Ma le promesse di un ragazzo sono sempre vacillanti e così quando la squadra primavera Club Atlético Cerro gli propose di dar prova del suo talento durante la preparazione estiva lui accettò. Lo misero prima sulla fascia e fu un buco nell'acqua, poi a centrocampo e l'allenatore ne fu soddisfatto. Lo tesserarono. Ma il centrocampista lo fece poco Godín, ben presto uno dopo l'altro i difensori centrali si fecero male e toccò a lui, l'ultimo arrivato, coprire il buco. E mentre il ragazzo diceva "non sono un difensore, sono un centrocampista", tutti gli altri vedevano in lui qualcosa che non avevano mai visto: una capacità naturale di fare quello che doveva senza errori. In poco tempo l'allenatore della prima squadra, Gerardo Pelusso, lo volle con sé per lanciarlo nella mischia della prima divisione uruguaiana.
Il suo arretramento si era concluso, iniziò la sua scalata. Perché in due stagioni Godín passò dalla panchina alla fascia di capitano, prima di andarsene al Nacional, prendere la direzione della Spagna, Villareal, traslocare all'Atletico Madrid e diventare fondamentale per Diego Pablo Simeone e per la nazionale uruguaiana.

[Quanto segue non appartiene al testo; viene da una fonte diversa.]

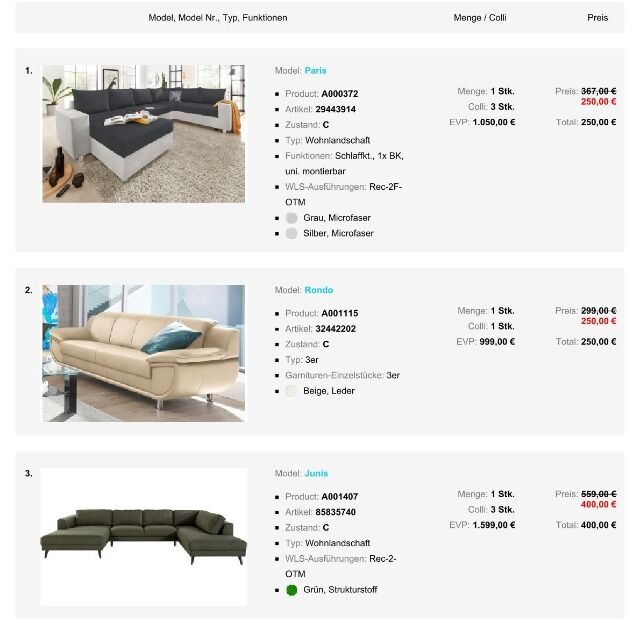 Möbel Sofa Super sparpreis Packet C-Ware bis zu 40 % günstiger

D'altra parte "Diego si fa sempre trovare pronto, su ogni pallone, in ogni azione e in ogni partita. È difficile ridurre un giocatore a una sola qualità, ma direi che la migliore di Godín è la forza mentale. Accetta qualsiasi sfida e ne esce vincitore. Rappresenta il meglio dell'Uruguay", ha detto di lui Óscar Tabárez, ct della Celeste.
D'altra parte "niente mi entusiasma meno che giocare contro l'Atlético. È una squadra ostica e Godín dà sempre problemi: è sempre a fianco a me, non mi lascia mai solo", ha detto di lui l'attaccante del Barcellona Luis Suárez.
D'altra parte "non ho mai fatto tanta fatica a giocare, a superare un difensore come quando mi sono ritrovato davanti a Godín", ha detto di lui Cristiano Ronaldo due anni fa.
D'altra parte in Spagna non c'è difensore che abbia così tanti cori dedicati come lui. Per i tifosi dell'Atletico Madrid non è solo il capitano, è un anatema contro gli avversari. Con lui in campo i Colchoneros hanno conquistato una Liga e due Europa League, hanno raggiunto due finali di Champions, sono stati tre volte in quattro anni la difesa meno battuta del campionato e non ha subito gol nelle ultime otto gare casalinghe a eliminazione diretta della massima competizione europea per club. Per questo Simeone ha recentemente dichiarato: "Non lo lascerei mai andar via. È migliorato molto sotto tutti gli aspetti: come giocatore, come leader e come persona. Lo apprezzo moltissimo". E uno dei capi ultras della curva rojiblancos ha detto: "Vendere Godín? Sarebbe un suicidio".
Ma tra gli attestati di stima e i conti societari (non solo economici) a Madrid c'è uno scollamento e ancora l'offerta per un rinnovo non c'è stata. Dalla dirigenza dicono che è solo una questione di tempo, ma la richiesta di minuti di Stefan Savić e la crescita di José Giménez stanno facendo titubare le alte sfere biancorosse. E Godín, arrivato a 32 anni e oltre 350 partite con l'Atletico, vorrebbe mettersi alla prova altrove. In questo stallo di indecisione societaria e curiosità uruguaiana stanno cercando di trovare un varco Leonardo e Paolo Maldini, gli uomini mercato del Milan.